You can get as decadent or as simple with this as you’d like, but the basic components are ground or chopped meat and mashed potato.  Why didn’t I list of a bunch of vegetables?  Well, because they aren’t entirely necessary.  As a college student, I would make a mock shepherd’s pie with taco meat from the hot bar in the cafeteria and instant mashed potatoes- don’t judge, it was zesty!  A traditional version will have peas, carrots, and celery, but the best way to do this on a budget is with ground beef, homemade mashed potatoes, and a bag of frozen mixed vegetables.  C’est magnifique!

C'est Magnifique!

Ingredients:
1 lb Ground Beef (you could use Lamb, pork, turkey, chicken, whatever)
1 8oz bag of frozen mixed vegetables
4 cups of mashed potatoes
1T  Celery Salt
1T  Garlic Powder
½ tsp.  Black Pepper
½ tsp.  Salt
1/3 cup Malt Vinegar
1/3 cup Worcestershire Sauce
1T Horseradish (you can use the horseradish sauce if you want, but make sure you taste and adjust your seasoning!)

Instructions:

Preheat your oven to 350 degrees F.  In a large sauce pan, brown the ground beef until there is no more pink left.  Pour the mixed vegetables into the pan, it doesn’t matter if they are frozen or not.  Cook the meat and vegetables at a medium high heat for approximately 5 minutes.

Combine the spices and sauces with the meat and vegetables and allow the mixture to simmer in the pot for about 2 minutes.  This is the most important part- TASTE YOUR MEAT!!!  The amounts that I’ve listed are simply suggested amounts for your spices and this is a dish where I have never met any 2 people who season it the same way.  Go with what tastes good to you!

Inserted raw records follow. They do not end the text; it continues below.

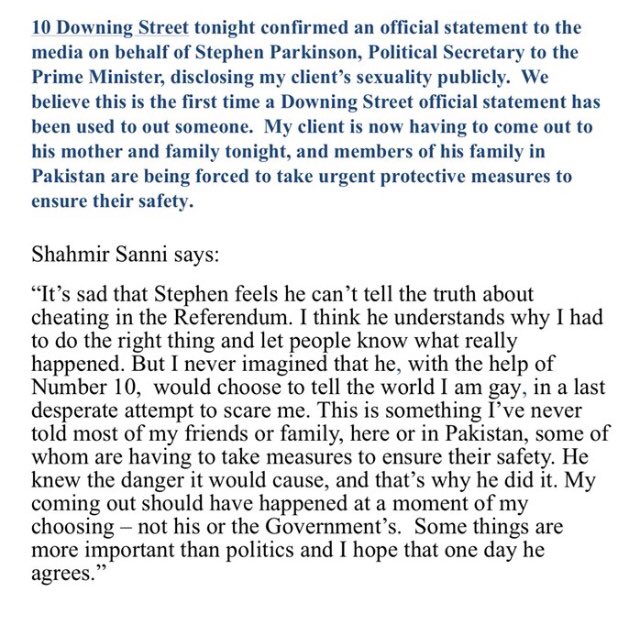 Of all the statements ever made by <a href="/Number10press/">No.10 Press Office</a> this has got to be the crudest, cruelest and most lethal attack on a whistleblower, ever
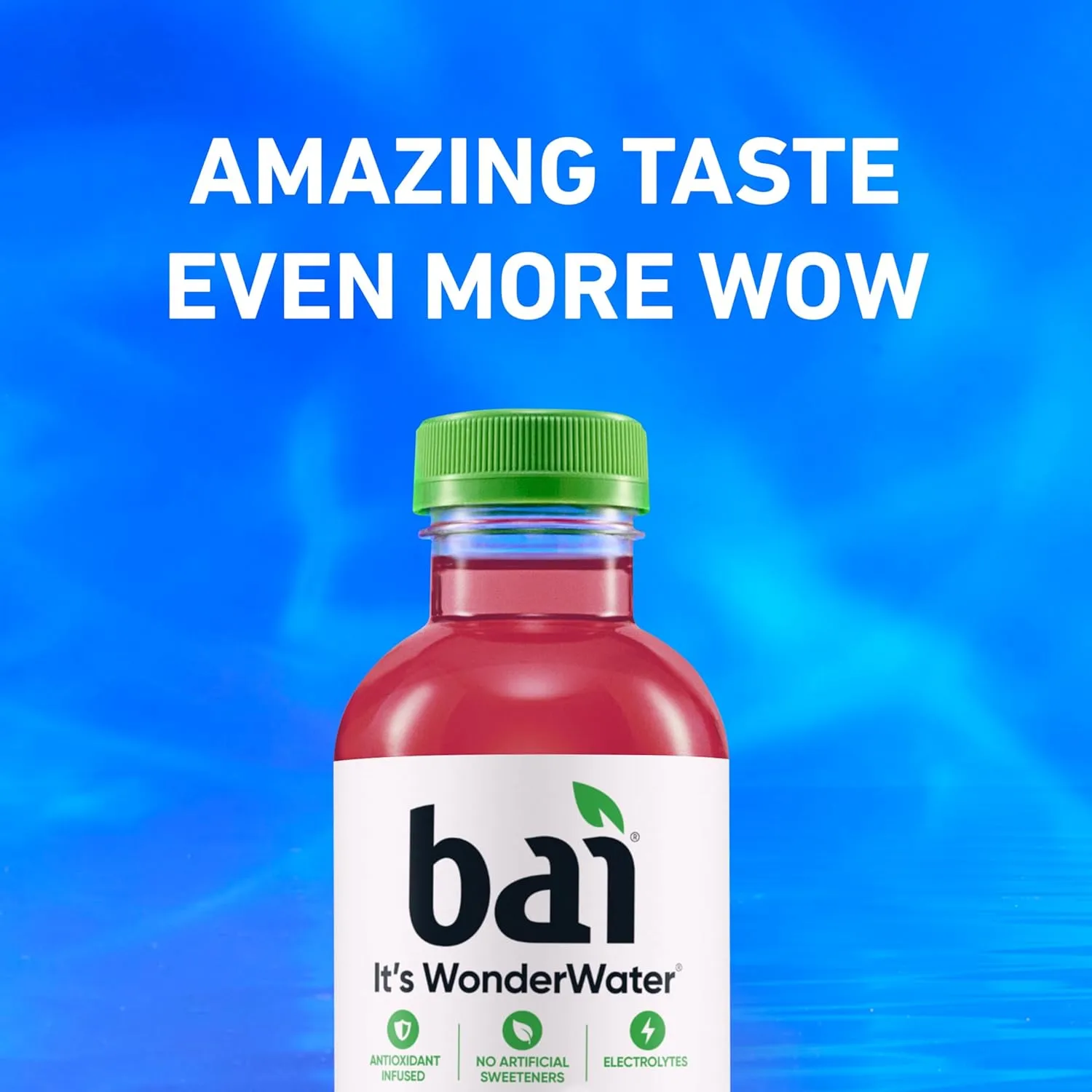 Bai Antioxidant Infused Water Beverage, Raspberry Lemon Lime, with Vitamin C and No Artificial Sweeteners, 18 Fluid Ounce Bottle, 12 Pack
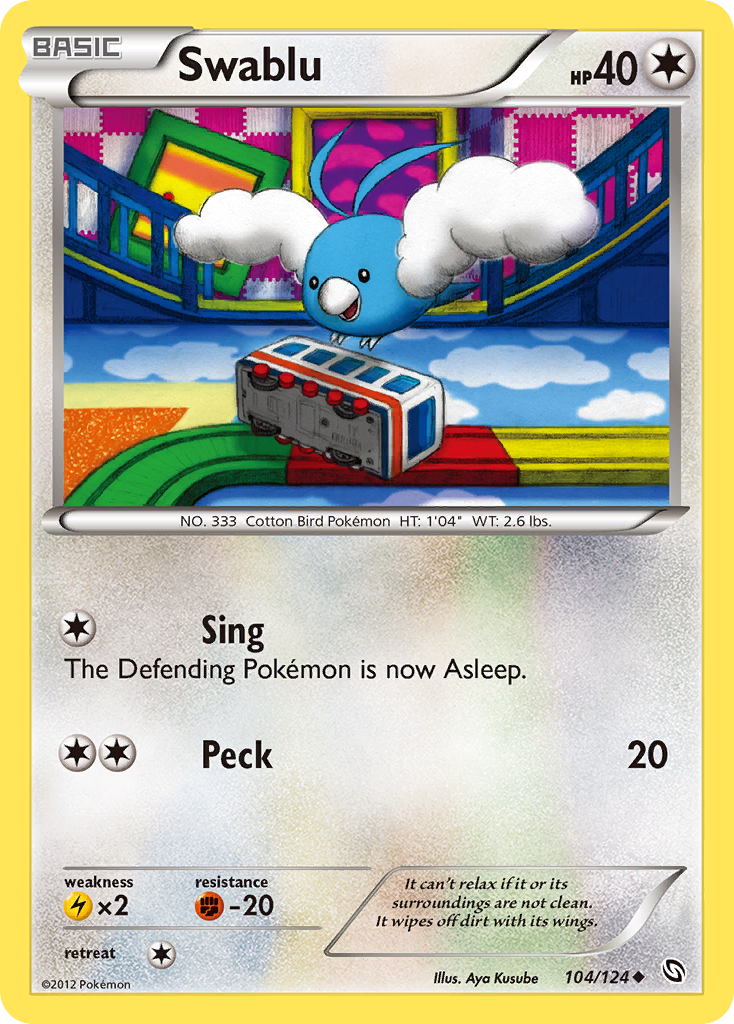 Swablu (104/124) [Black & White: Dragons Exalted] | Game Haven TX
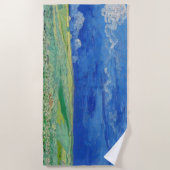 Vincent van Gogh - Wheatfields under Thunderclouds Strandtuch (Vorderseite)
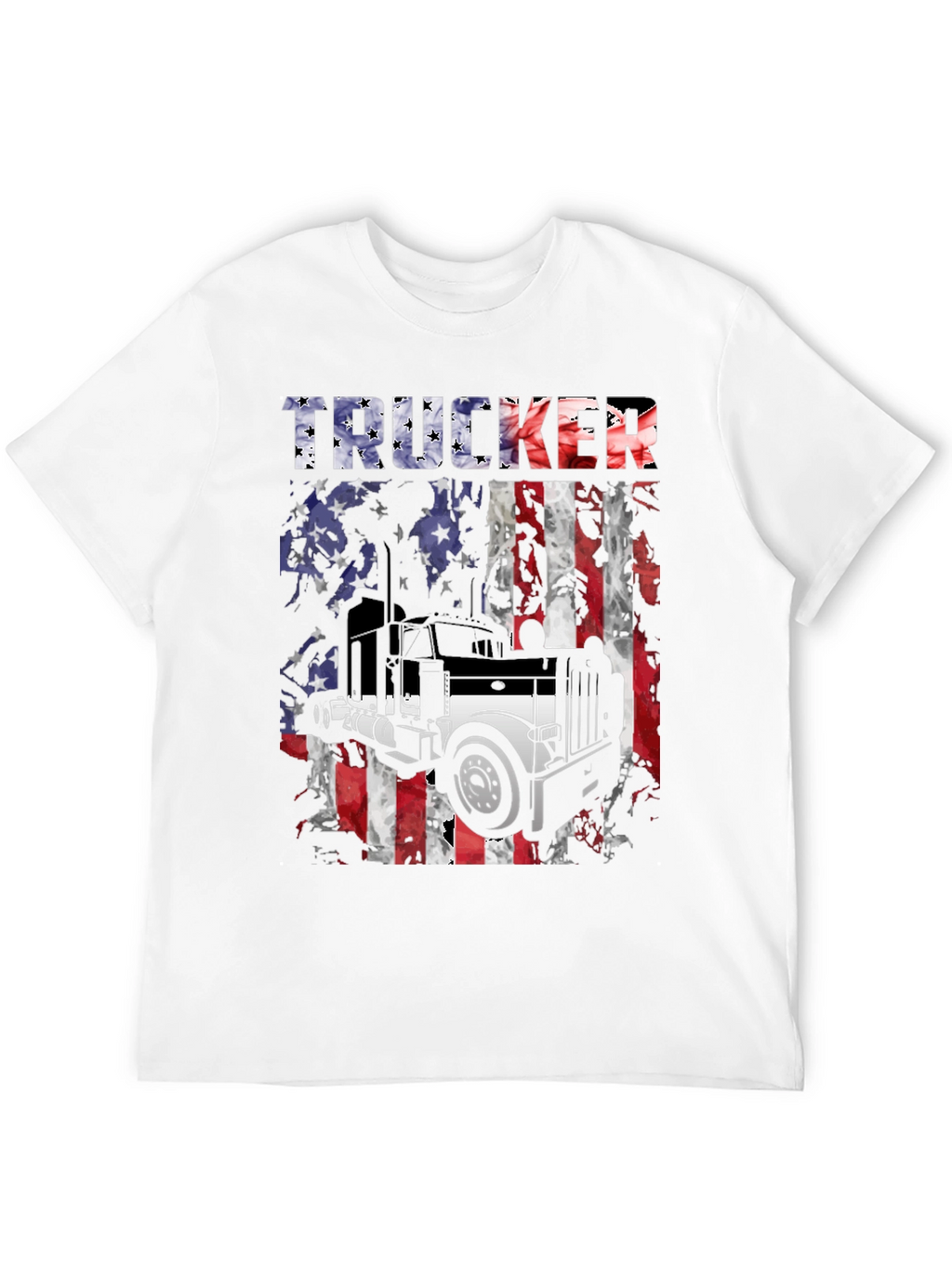 Trucker American Flag T-Shirt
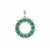 Sakota Emerald Pendant with White Zircon in Sterling Silver 2.20cts
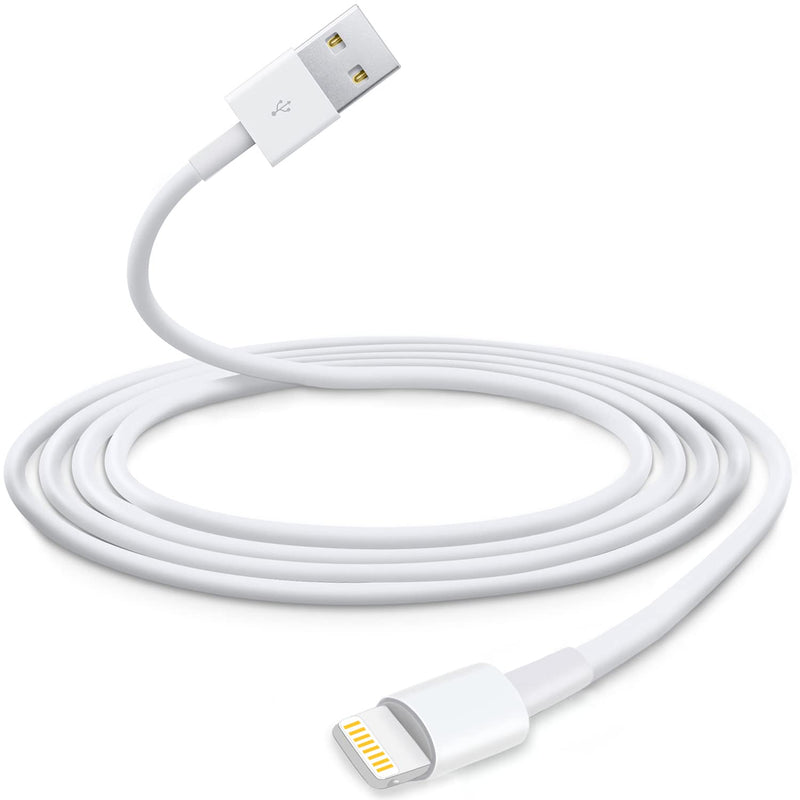 [Australia - AusPower] - 2Pack Apple MFi Certified iPhone Charger 6ft, iPhone Lightning to USB Cable 6 Foot, Super Fast Apple iPhone Charging Cable for iPhone 12/12mini/11/Pro/Max/X/XS/XR/XS Max/8/7/6,ipad 2Pack 6 Foot White 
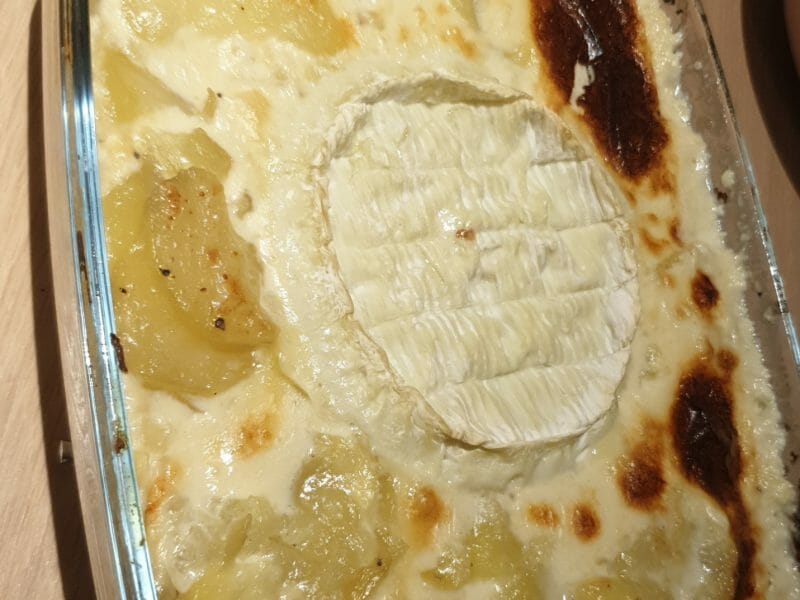 Cliquez pour zoomer ! Gratin de pommes de terre à la normande Thermomix par melissa_36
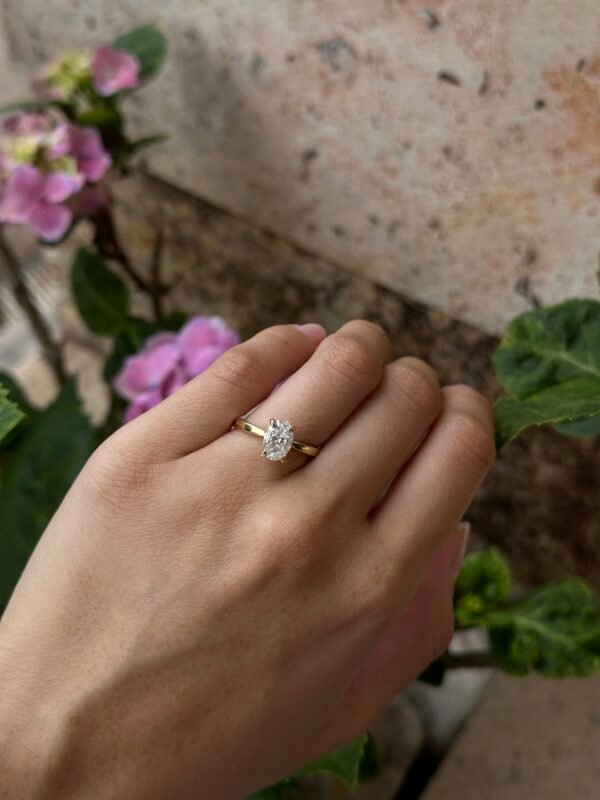 Anillo de Compromiso Diamante Lab-Grown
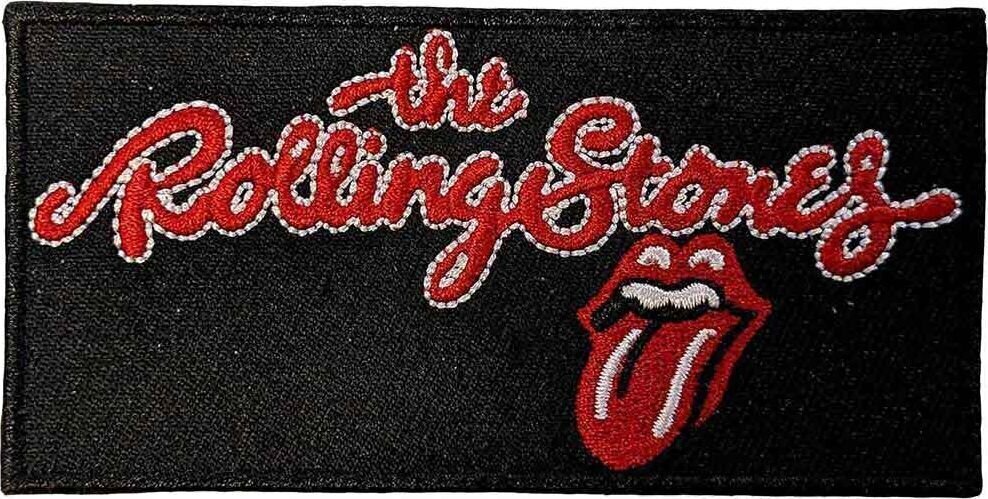 Patch / merkki The Rolling Stones Script Logo Sew-On Patch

Trick- If you run out of Malt Vinegar, you should probably not do this dish for dinner.  That being said, cider vinegar is your best substitute and distilled white and red wine vinegar’s are acceptable as well.  Another fun substitute that I’ve found for malt vinegar is to use equal parts distilled white vinegar with Rye Whiskey.  I used Wild Turkey for this, but whatever rye liquor you have will do and don’t worry, the alcohol will cook out in the baking.

Once your meat and vegetables are done, pour them, juices and all, into a baking dish.  I typically use an 8 x 8 dish for 1 lb of meat, but you can spread the meat and thick of thin as you like it.  Cover the top with the mashed potatoes and bake in a 350 degree F over for 30-40 minutes, or until the mashed potato topping is slightly browned.  Since the meat is already cooked, you should bake this only as long as it takes to get the mashed potato to the temperature and texture that you like.  For some that is not long at all, for others, well- you know who you are and your roasts are always charred.

This recipe should serve at least 4, but if you are sticking with correct portion sizing, then you should get at least 6 servings from the one 8 x 8 pan.